Psychoacoustics is the scientific study of sound perception. It is not a fuzzy science: in fact the psychoacoustic property of auditory masking and its effect on compression is the exact science that made the MP3 file possible - a technology that changed the music industry forever. When sound passes through the ears to the brain, it stops being a physical phenomena and, instead, becomes a matter of perception. That perception is conditioned by societal, cultural and technological factors, and those factors are changing at an exponential rate. Yet the classical music industry stubbornly refuses to acknowledge those changes.
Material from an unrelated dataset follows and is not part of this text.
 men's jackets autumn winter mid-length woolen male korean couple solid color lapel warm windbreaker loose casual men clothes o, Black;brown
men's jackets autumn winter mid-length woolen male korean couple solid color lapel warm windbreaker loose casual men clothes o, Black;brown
Purists believe that the 'pure' sound of classical music is what we hear in a concert hall. But that is simply not true. The pure sound is what we would hear if the orchestra played in an anechoic chamber. An anechoic chamber is an acoustically dead space, and anyone who has spent time in one - as I have in the now demolished EMI Research anechoic chamber at Hayes - will know that the thin, dry and dead sound would be unacceptable to any audience, purist or otherwise. The sound of an orchestra in iconic concert halls such as the the Concertguebouw in Amsterdam and the Musikverein in Vienna is determined by the acoustic of the hall; the acoustic is the character that is added as the sound reverberates. These halls date from the late-19th century and their signature sound - which remains the reference for concert halls - was subjectively optimised for the bass-lite pre-Romantic orchestra.
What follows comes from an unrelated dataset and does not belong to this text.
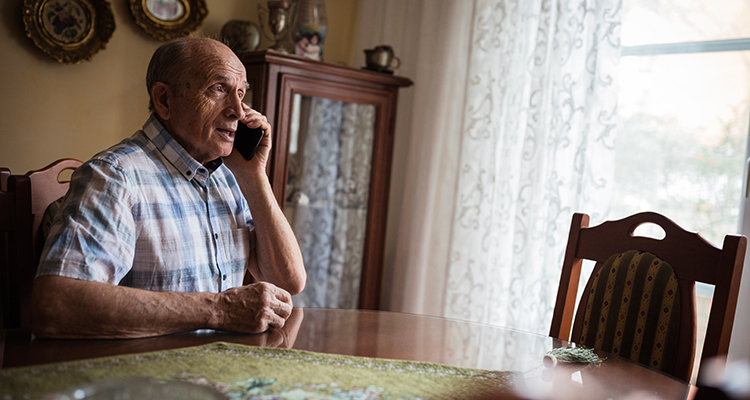 Senior man talking on his phone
Half a century of rock music, the hegemony of headphone listening, the advent of home cinema sub-woofers, and many other developments have changed sonic expectations. One major change is that audiences - particularly younger audiences - have become base literate. A new study titled The Neuroscience of Bass explores how bass instruments are fundamental to music, while in the interview that provides the header quote, Bill Laswell explains that: "Bass is a powerful mood shifter, its low resonant frequencies penetrating the human nervous system at a molecular level". Yet classical music remains stuck in a late 19th century sonic paradigm; a position that purists defend using the argument that the score is sacrosanct. Which indeed it is. However there is an erroneous and dangerous belief that the sound of classical music is defined in the score and is, therefore, also sacrosanct. In fact, the sound is defined by the complex interaction of seven attributes, pitch, rhythm, tone colour, absolute loudness, relative loudness, spatial location and acoustic. The composer's score only defines pitch, rhythm, tone colour and relative loudness (dynamics). This leaves absolute loudness, spatial location and acoustic as non-composer defined variables, and these have been fixed for more than a century by concert hall conventions that no longer reflect how people listen to music.
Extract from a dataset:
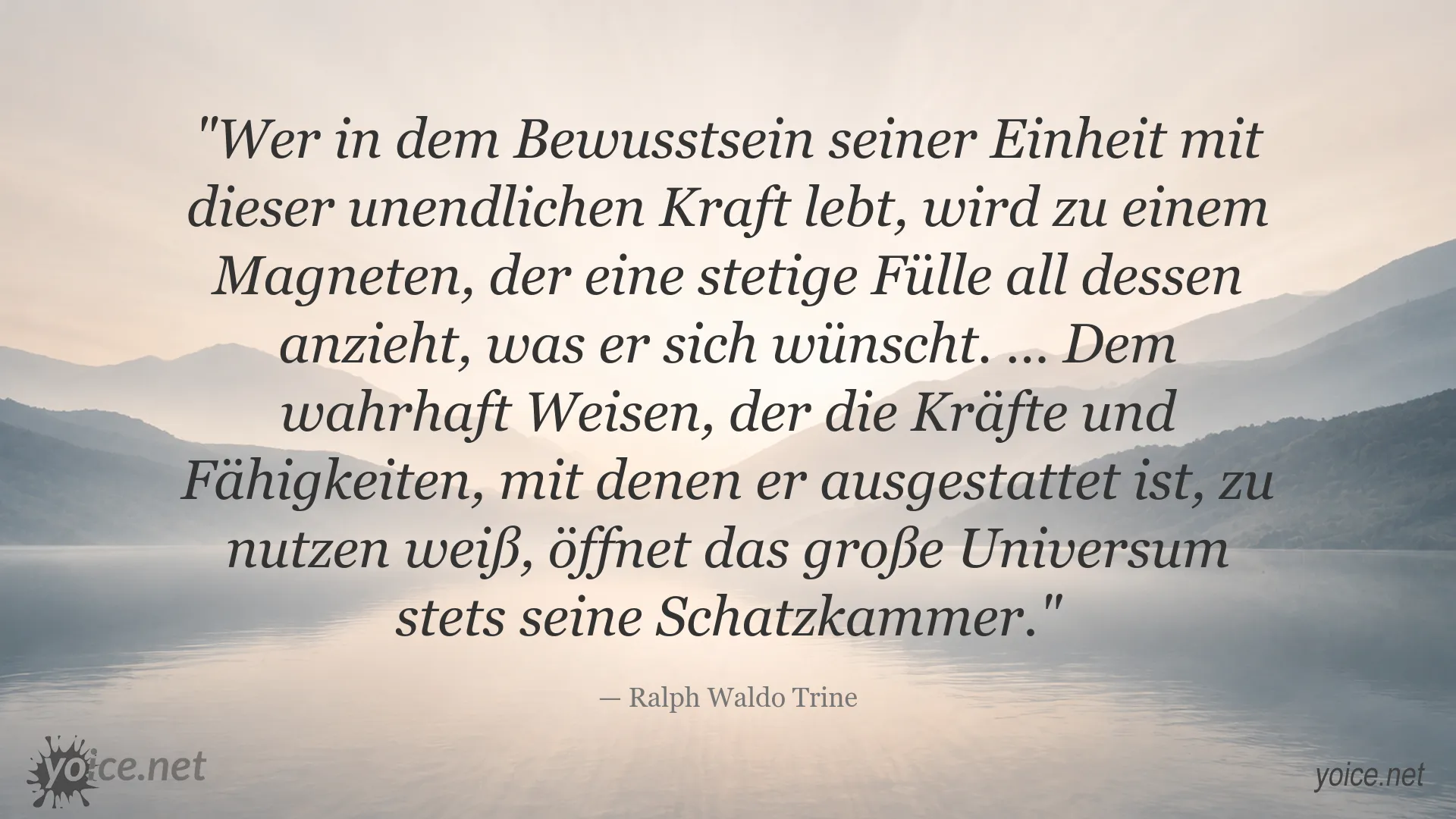 Zitatbild von Ralph Waldo Trine über unendliche Kraft, innere Weisheit und Fülle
In the past, the architects of concert halls used passive reflective technologies to marry sonic expectations to reality. Today, different but equally valid active digital technologies are available: for example the San Francisco Symphony's Soundbox experimental performance space - which provides my header photo*** - uses Meyer Sound's IntelligentDC technology to create a variable acoustic. The barrier to meeting changing sonic expectations is not the lack of an enabling technology, but rather reactionary attitudes. Ironically, the very commentators who denounce any nuanced digital intervention in the concert hall, are those who wax lyrically about the power of digitally-saturated music streaming to engage new audiences. Classical music has the technology to meet the sonic expectations of new audiences. But does it have the will?
* Quote is from interview with Peter Lavezzoli in The Dawn of Indian Music in the West.
** Some recent halls have been tuned with an enhanced bass response to meet the requirements of post-classical orchestras. One excellent example is the Bridgewater Hall in Manchester.
*** Photo shows percussionist Raymond Froehlich at the San Francisco Soundbox and is credited to AP Photo/Marcio Jose Sanchez.